La prueba de que el modelo ha funcionado es que la empresa ha ido sumando nuevos clientes: el último, Mercadona, en 2016. Lo que no es fácil. Los contratos con las firmas de distribución no son fáciles de obtener. Son auténticos concursos, con varios candidatos en liza; con plazos de candidatura y vigencia del contrato cada vez más cortos, lo que eleva la presión sobre el suministrador. «Son peores que una oposición y, además, cada vez los tenemos que pasar con más frecuencia», dice Ruiz. Antes de decidirse, la empresa-cliente lleva a cabo tests ‘ciegos’ entre consumidores y evalúa la situación financiera, productiva, tecnológica y financiera del candidato.

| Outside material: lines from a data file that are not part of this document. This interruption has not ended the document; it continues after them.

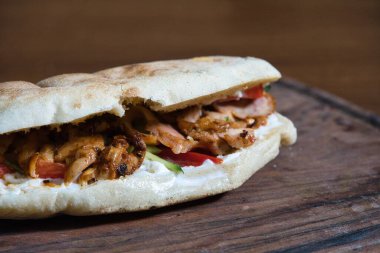 Sebzeli ve kremalı tavuklu shawarma sandviçi. Yumuşak pide soslu. Tahta tahtada servis ediliyor..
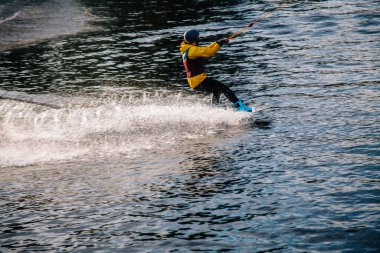 Gün batımında Tibet öküzü kostümü giymiş bir adam Kiev 'deki aşırı parktaki bir wakeboard üzerinde sıçrama tahtasından atlıyor. Ukrayna. Yüksek kalite fotoğraf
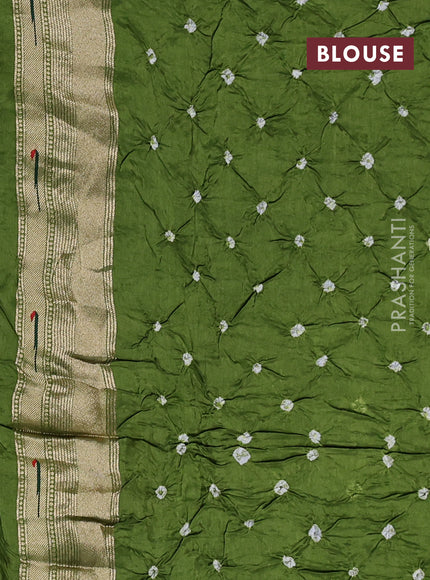 Dola silk saree green shade with allover bandhani prints and muniya butta border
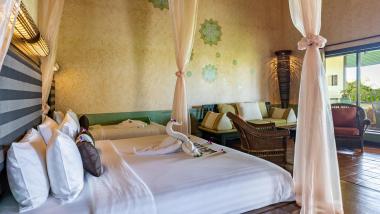 Relaxing room at The Mangosteen Ayurveda & Wellness Resort with draped curtains and cozy seating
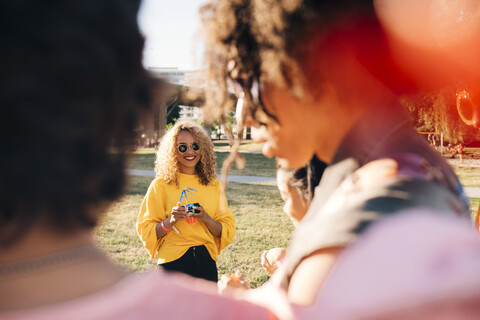 Lächelnde Frau mit Freunden, die ein Konzert an einem sonnigen Tag genießen, lizenzfreies Stockfoto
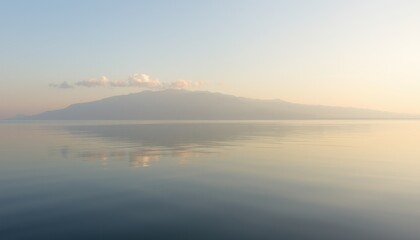 Obraz premium Serene sunrise over calm lake with mountain reflection.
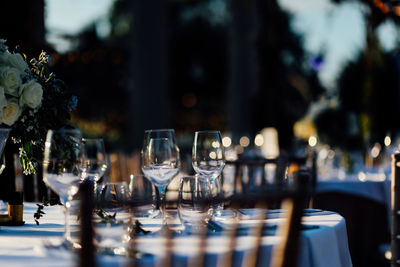 Luxury table settings for fine dining with and glassware, pouring wine to glass.beautiful background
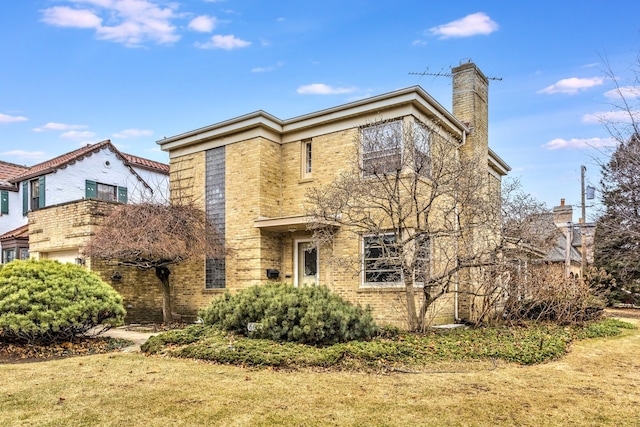 view of front of property featuring a front yard, brick siding, and a chimney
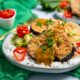 Katsu Curried Eggplant on a bed of white rice with red chilies on top on an emerald green cloth napkin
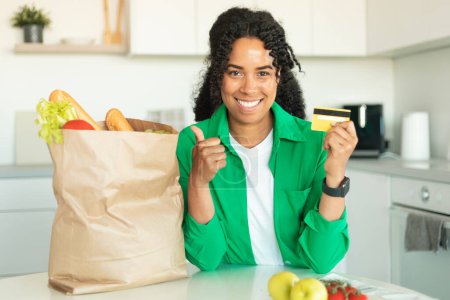 Photo for I Like Online Grocery Shopping. Happy African American Woman Showing Credit Card And Thumbs Up Gesture Posing With Paper Bag Full Of Food Products Standing In Modern Kitchen At Home - Royalty Free Image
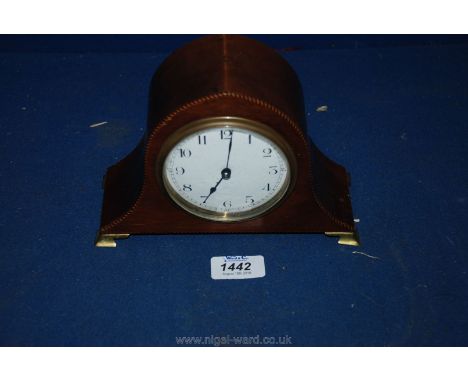 A small Napoleon style French Clock having four brass feet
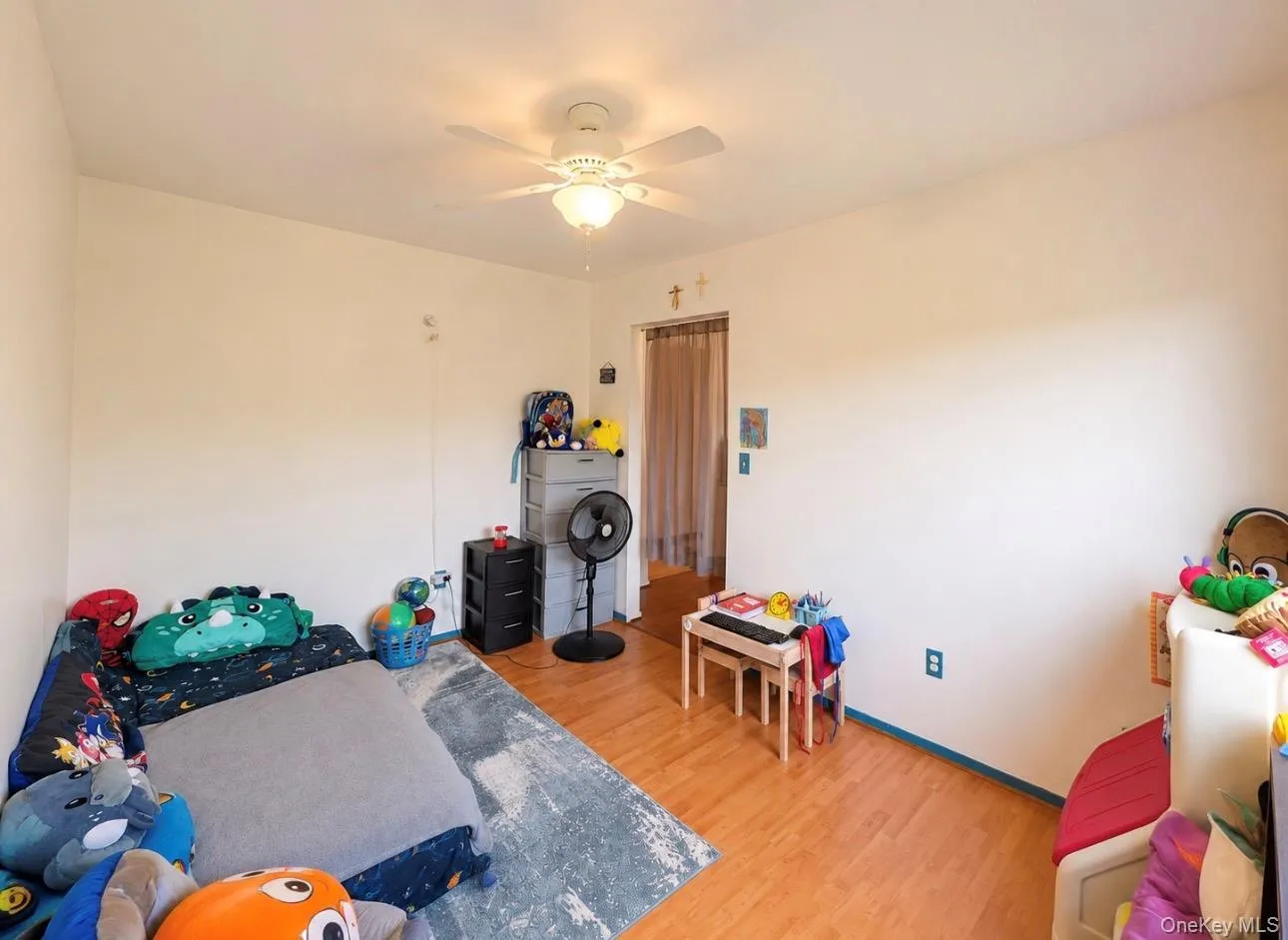 Room featuring wood-finish flooring, light-toned walls, and a ceiling fan with integrated lighting Room featuring wood-finish flooring, light-toned walls, and a ceiling fan with integrated lighting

Ruiz explica que en muchos casos su compañía tiene que desarrollar todo un proyecto de suministro en apenas seis meses. «En ese período», concreta, «hay que definir los productos, ajustar las fórmulas, testar su estabilidad, diseñar el packaging y la estrategia de marketing, entre otras cosas». Pero fue la buena aceptación de su trabajo en los depilatorios lo que llevó a los propietarios de Cosmewax a comprar en 2015 la planta de cremas faciales de Massalfassar, en Valencia, que pertenecía a Corporación Dermoestética.

No fue una decisión fácil, ya que suponía, además de la inversión, la entrada en un territorio nuevo para la firma: los productos de cuidado para la piel, en los que no tenía experiencia. Los resultados, sin embargo, son alentadores, según la empresa. La nueva división (limpieza facial, cabello, exfoliantes, geles, aceites, productos para bebés…) está creciendo incluso a mayor velocidad que los productos para el depilado. Le han bastado tres años para copar ya el 20% de las ventas de la firma. «Y nuestra idea es que llegue al 50% en dos años», apunta Ruiz.